Marilah berduyun-duyun menciptakan suasana yang aman, nyaman, damai dan menuju sejahtera berbangsa dan bernegara. Majulah tanpa menyingkirkan orang lain, berdirilah tanpa merendahkan orang lain, berbuatlah tanpa menunggu orang lain, mengkritiklah tanpa harus menghujat dan mencaci orang lain. Maju bersama dan bersama-sama untuk maju ke arah yang lebih baik.
Semangat gotong royong kini mulai terkikis seiring dengan perkembangan zaman yang semakin realistis dan egois. Kerapkali kita melihat adalah yang tua meremehkan yang muda, kemudian yang muda mencemooh yang tua. Pemangku kekuasaan menindas rakyat, demikian juga rakyatnya senantiasa bersumpah serapah dan mendoakan keburukan bagi pemimpinnya.

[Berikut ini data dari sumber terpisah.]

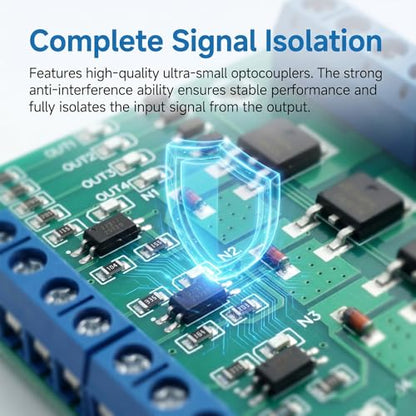 MOSFET Module MOSFET Switch 4 Channel Drive Module Metal Oxide Semiconductor Field Effect Transistor 400w Dc 3.7-27v 10a Large Power Pwm Adjustment Electronic Switch Control Board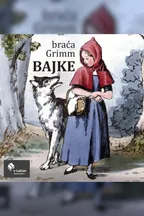Bajke audio knjiga od Braća Grim korica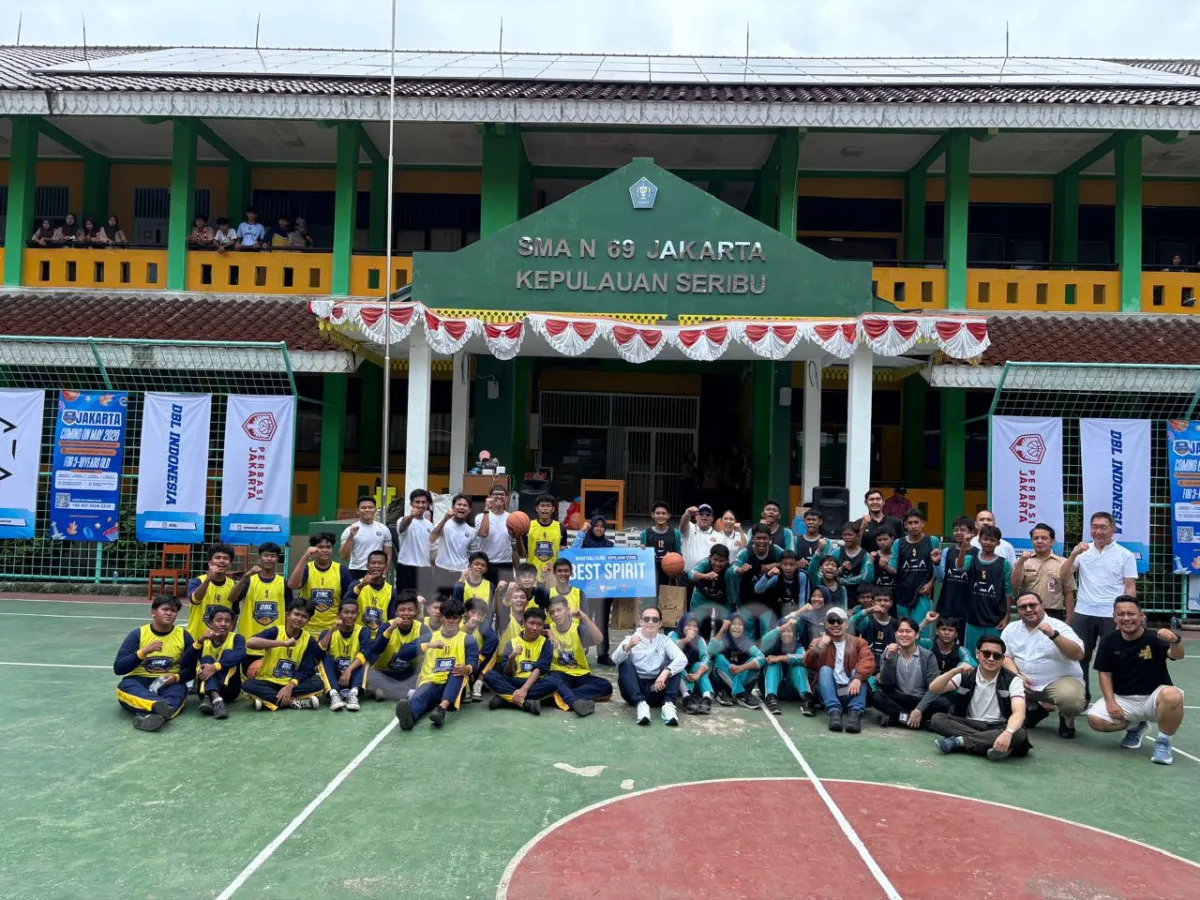 Perbasi dan DBL Indonesia Kembangkan Basket di Kepulauan Seribu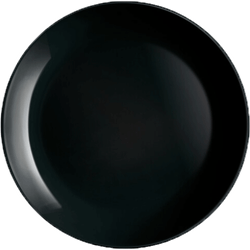 Plato Bajo Luminarc Diwali Negro 25 cm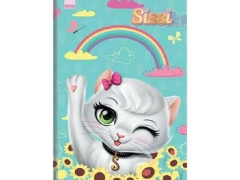 CADERNO BROCHURA PEQUENO 96FLS 1/4 SISSI CP SORTIDAS - Papelaria Visão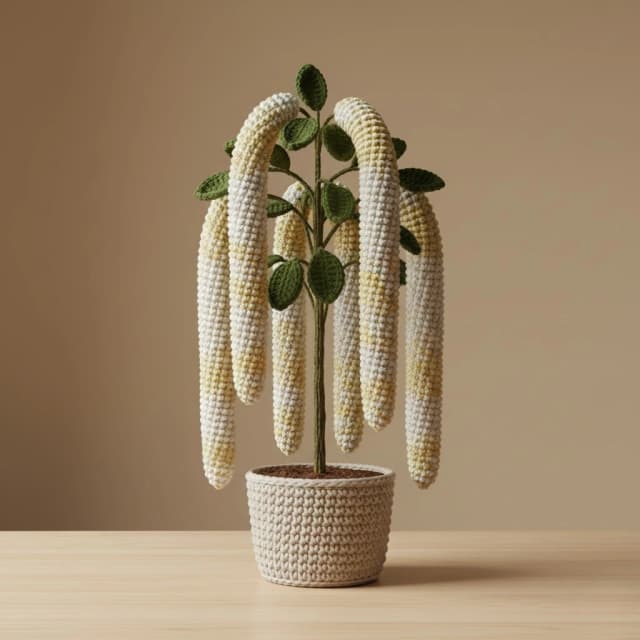 Flor em Amigurumi 10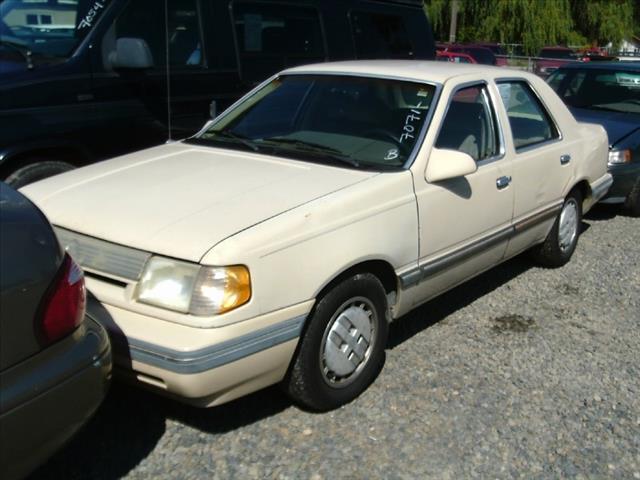 1987 Mercury Topaz EX Limited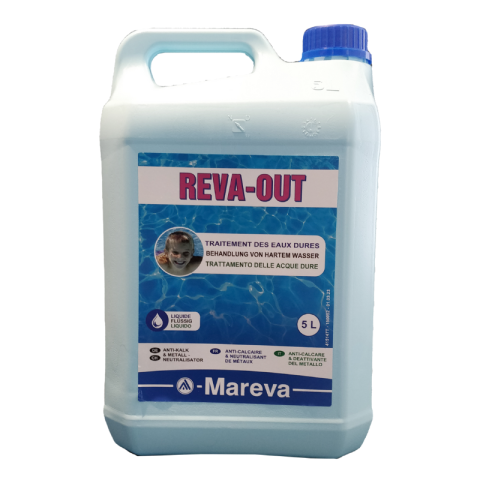 Anti-calcaire Mareva Reva-Out - 5 litres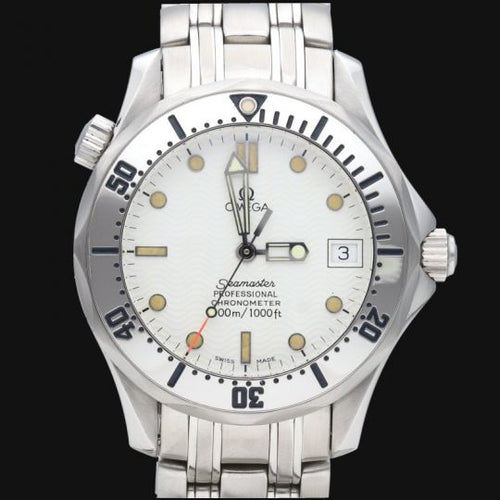Omega Seamaster Diver 300M - Montre en acier 58 Facettes MT47390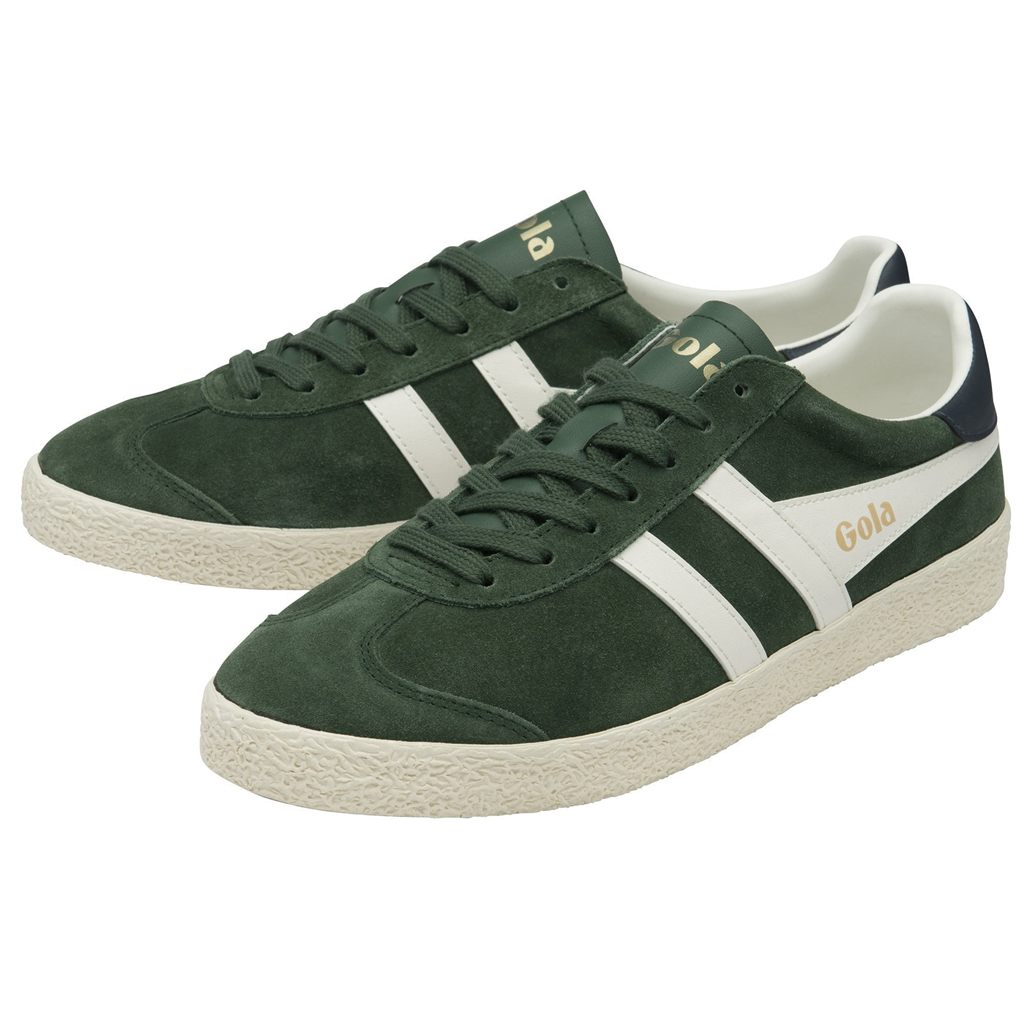 Gola Classics Medallist Sneakers Hvite Marineblå Norge | BYGWSJ-102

Semangat gotong royong (berduyun-duyun) telah mengantarkan bangsa ini menjadi bangsa yang merdeka. Dengan semangat itu pula negara ini mengalami kemajuan. Maka dengan semangat gotong-royong pula bangsa ini akan utuh dan bermartabat.
Kesimpulan
Ikan sulum memang sudah hampir punah, tapi setidaknya telah mengajarkan kita untuk bagaimana cara hidup yang baik. Menularkan sifat bagaimana cara kita bersikap sebagai warga negara yang hidup dalam sebuah negara. Tidak perlu merasa malu menerima sebuah kebenaran meskipun itu berasal dari seekor ikan. Itulah yang menjadi kelebihan kita sebagai makhluk yang senantiasa berkembang cara berpikirnya. Hari ini harus lebih baik dari hari sebelumnya dan hari esok harus lebih baik dari hari ini.
Penulis adalah Guru Pesantren Modern Unggulan Terpadu Darul Mursyid (PDM), Tapanuli Selatan.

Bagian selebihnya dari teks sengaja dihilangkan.